Writer/director James Gray, who tends to please critics more than crowds, takes a big left turn from his usual Earthbound family relationship dramas, leaping all the way to Neptune for Interplanetary family relationship drama.  Whether he need have bothered is debatable as this unexceptional father/son conflict boils down to a hackneyed struggle between Dad (paranoid, God-like, Old Testament Tommy Lee Jones) and only son Brad Pitt, a wounded New Testament rebel out to save the world.  Largely ditching the Bible for A WRINKLE IN TIME, Gray bumps the Madeleine L'Engle classic from YA to a grown-up Bizarro iteration*, with Jones off his nut on Station Neptune, flushing bolts of electricity and threatening the entire Solar System.  Conceptually pretty weak, but as physical production the film’s a wow!  Forgoing current CGI methods for old-school ‘practical’ special effects, the film is loaded with hushed beauty and a sense of daunting weight that so often goes missing in CGI.  (Sense of scale not quite as successful as some of the planet & space-ship models look like Revell® 1:8 scale kits.)  Yet a burial in ‘sea-space’ an instant classic, while a surprise attack from a primate stowaway (presumably an ‘escaped’ experiment) a desperation move to squeeze in an action sequence.  Somehow, Pitt pulls it all off without embarrassment.  The first Gray pic anyone might think of rewatching . . . but only for the F/X.

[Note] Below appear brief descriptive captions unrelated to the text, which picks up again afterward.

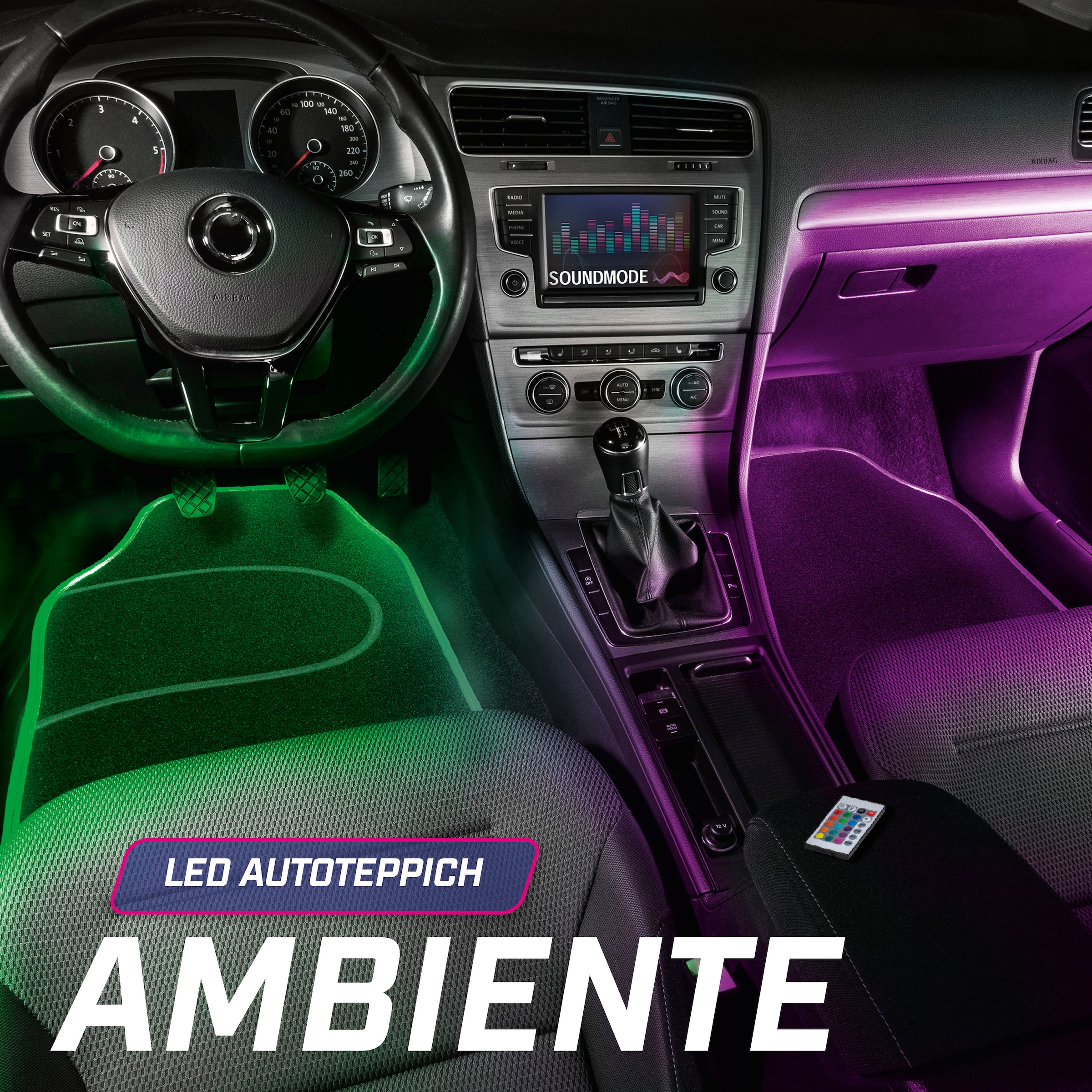 CarComfort Auto-Fußmatten Autoteppich Ambiente LED (2 St), mit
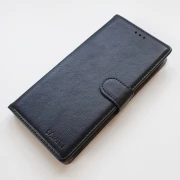 sort LA læder flip cover Samsung S21 FE Mobil tilbehør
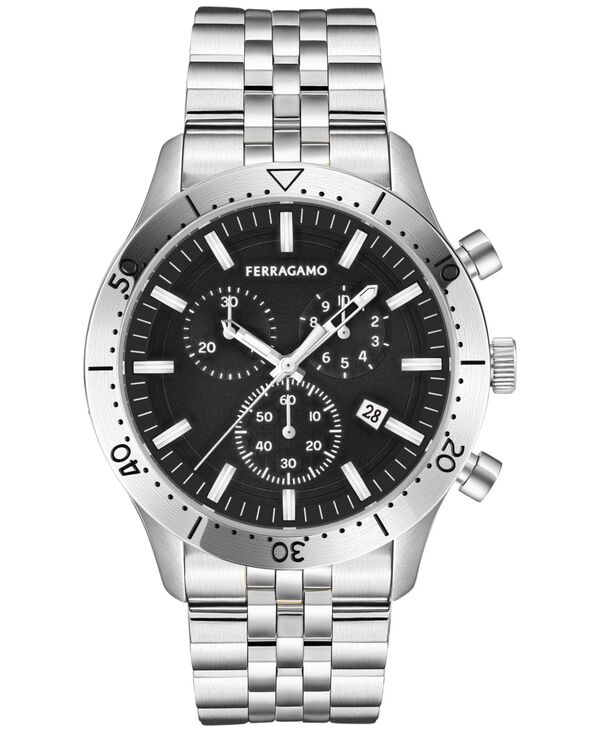 【送料無料】 サルヴァトーレ フェラガモ メンズ 腕時計 アクセサリー Men's Swiss Chronograph Master Stainless Steel Bracelet Watch 43mm Stainless Steel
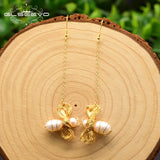 GLSEEVO Bee Long Dangle Earring Fresh Water Pearl Drop Earrings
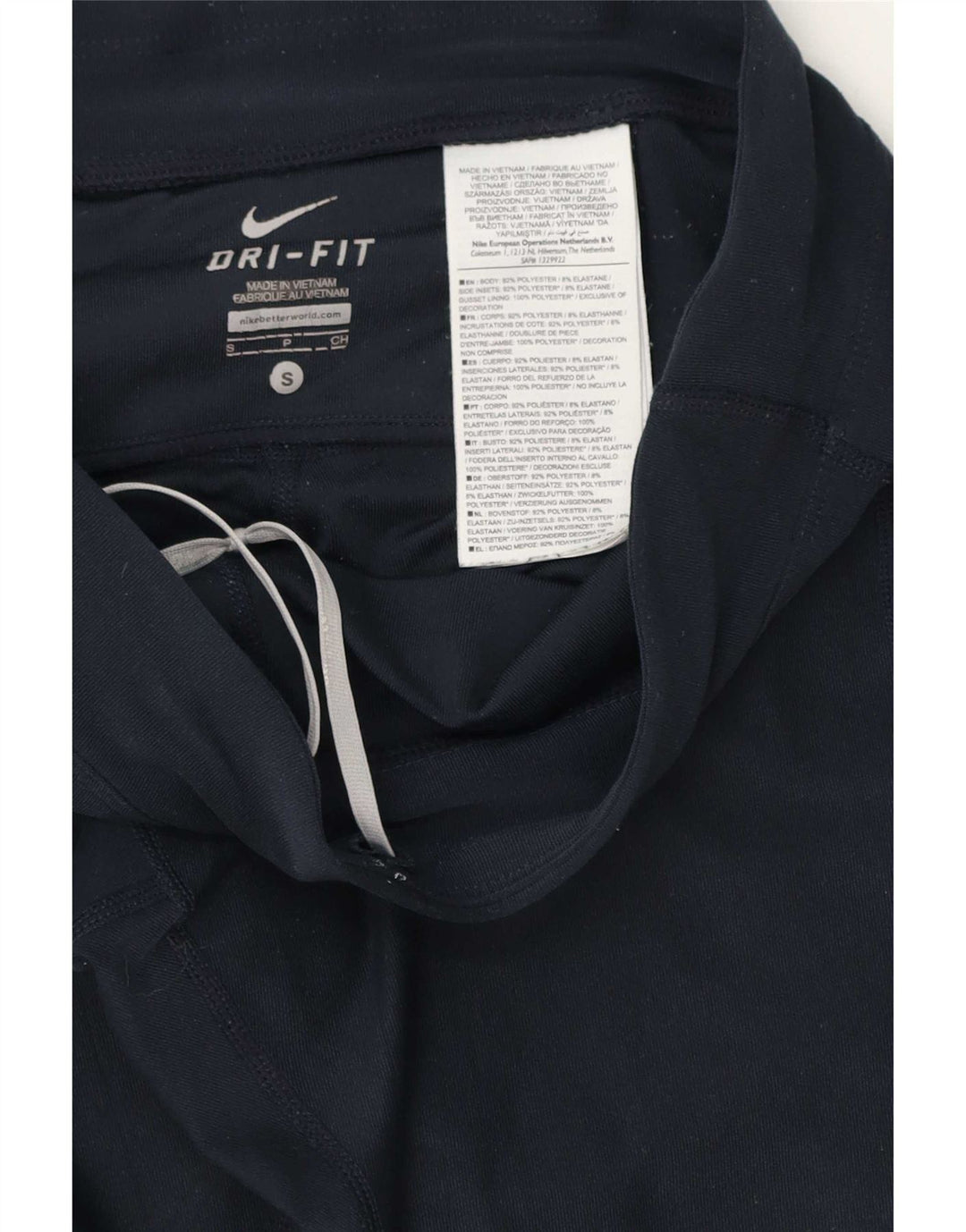 Nike Dame Dri Fit Capri Leggings UK 10 Small Navy Blue Polyester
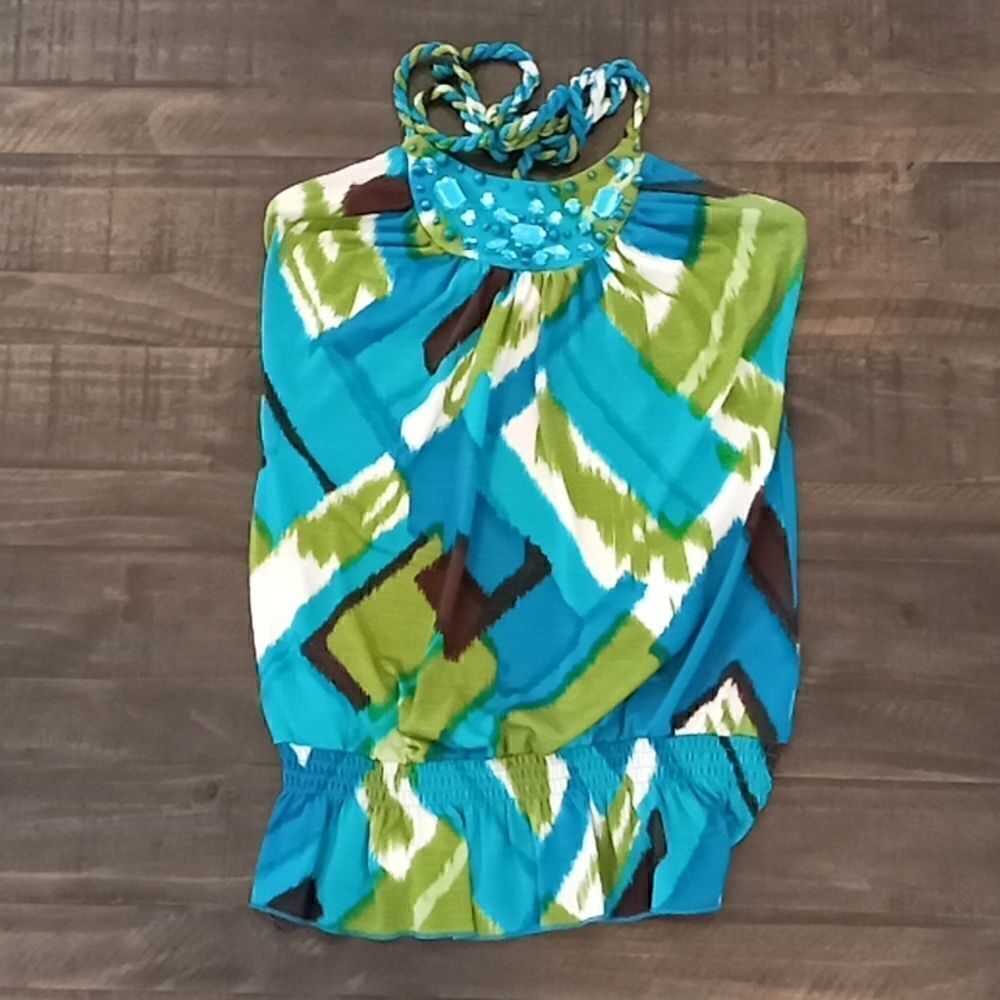 Heartsoul halter top in aqua size small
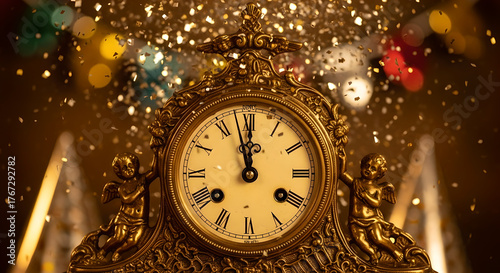 Golden Antique Clock Striking Midnight for New Year's Countdown with Confetti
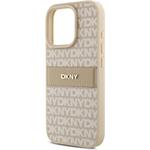 DKNY PU Leather Repeat Pattern Tonal Stripe kryt pre iPhone 16 Pro Max, ružový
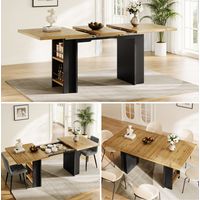 Table à rallonge télescopique (120-160×80cm), table avec étagères, table de cuisine extensible, agrandissable de 120 à 160cm grâce à des rallonges internes, pour salon et cuisine, couleur bois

DOUBLE-BILL/LINK:  *Alas, film attempts at A WRINKLE IN TIME have come up short.  Instead, Stanley Kubrick’s 2001/’68, the obvious visual lodestar here.  Note how its stubbornly slow pace and stillness, which ought to expose 1968 effects work, has the opposite effect of selling it.  Gray unwilling or without the confidence to run out the clock.  https://maksquibs.blogspot.com/2014/08/2001-space-odyssey-1968.html

ATTENTION MUST BE PAID:  No doubt, the producers hoped for more Academy Award action than the Best Sound Mixing nomination seen on our poster.